#### Information shown ####

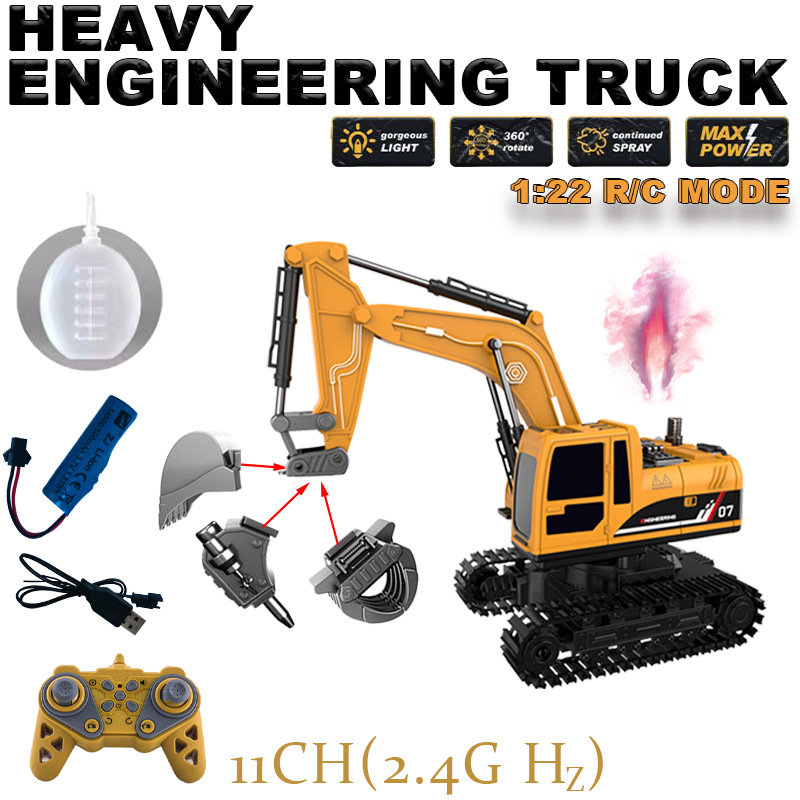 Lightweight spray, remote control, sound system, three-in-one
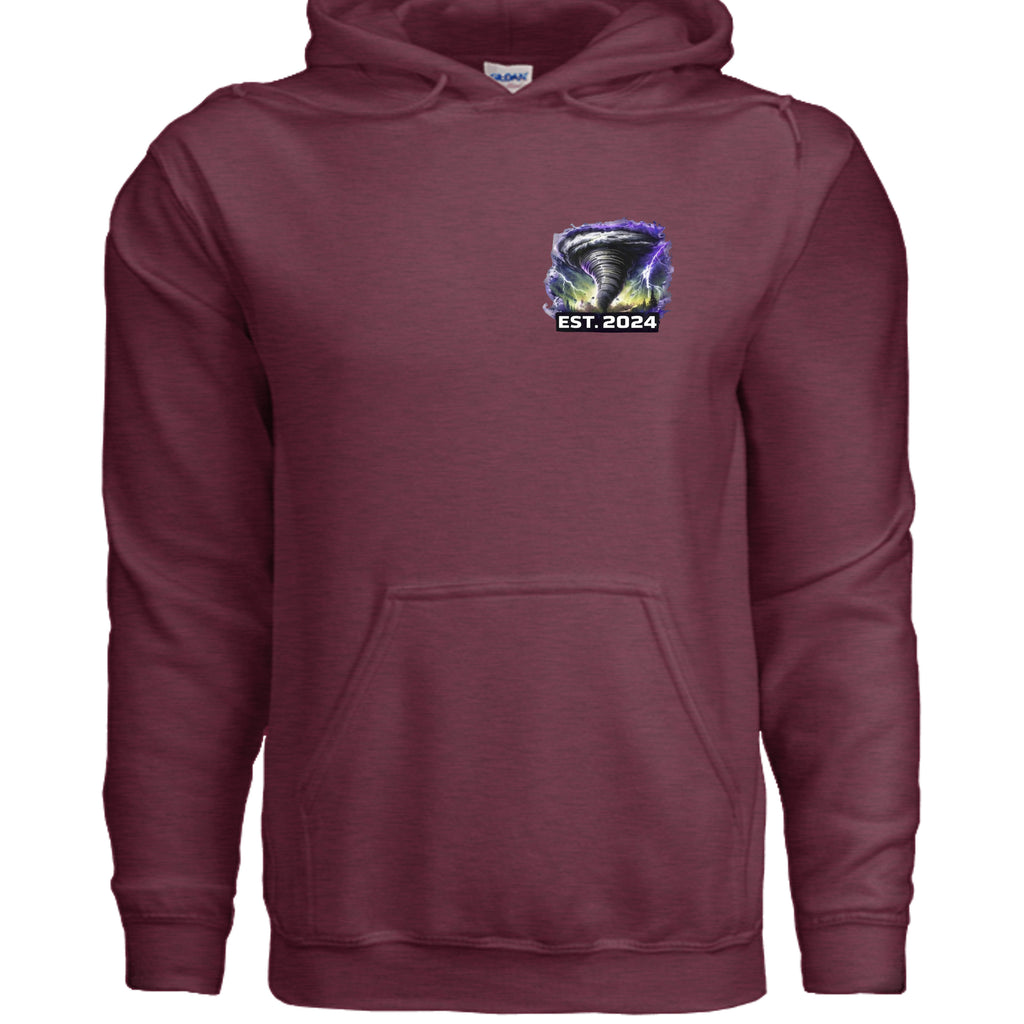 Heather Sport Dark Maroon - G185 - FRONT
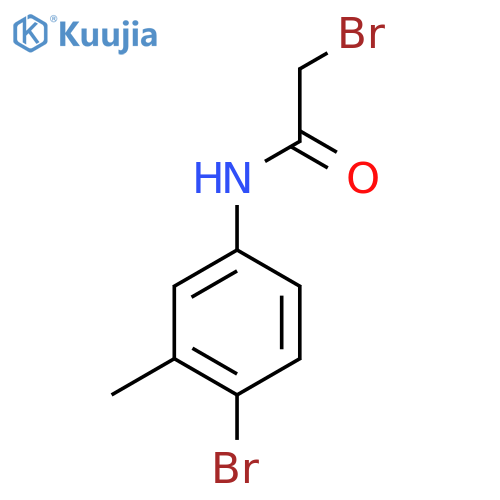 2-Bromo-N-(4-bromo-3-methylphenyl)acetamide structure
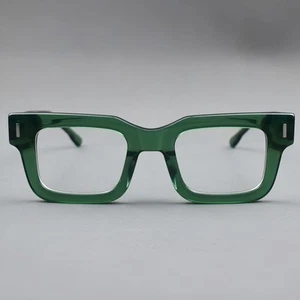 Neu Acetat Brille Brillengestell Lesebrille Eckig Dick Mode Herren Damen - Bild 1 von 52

####
#### Information shown ####

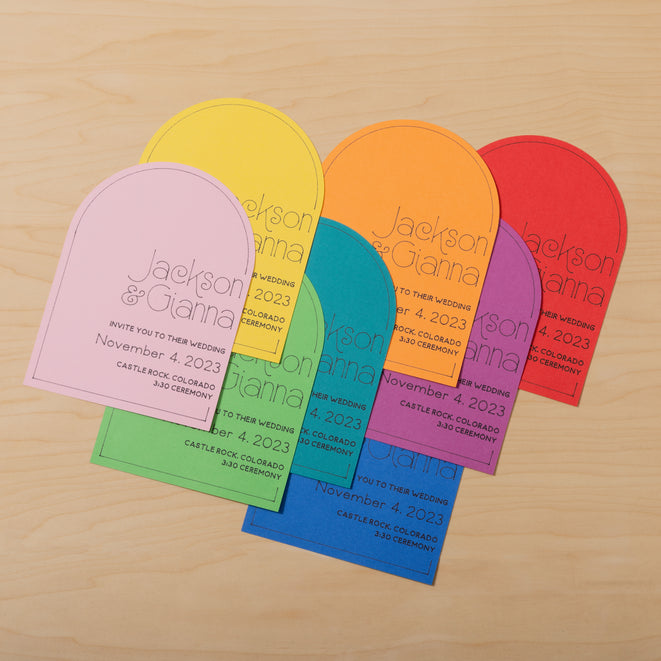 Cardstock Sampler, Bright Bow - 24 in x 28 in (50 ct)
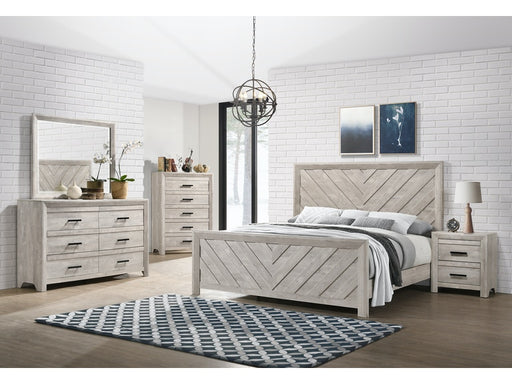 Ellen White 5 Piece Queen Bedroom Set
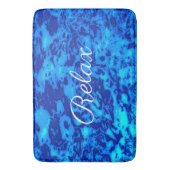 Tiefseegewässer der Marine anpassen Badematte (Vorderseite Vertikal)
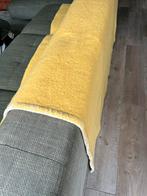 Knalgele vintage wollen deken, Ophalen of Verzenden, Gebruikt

####

Return the stretch of data that begins with the line showing "Tiefseegewässer der Marine" and goes on through the line showing "Knalgele vintage wollen", exactly, with pictures removed.

 Tiefseegewässer der Marine anpassen Badematte (Vorderseite Vertikal)
 Knalgele vintage wollen deken, Ophalen of Verzenden, Gebruikt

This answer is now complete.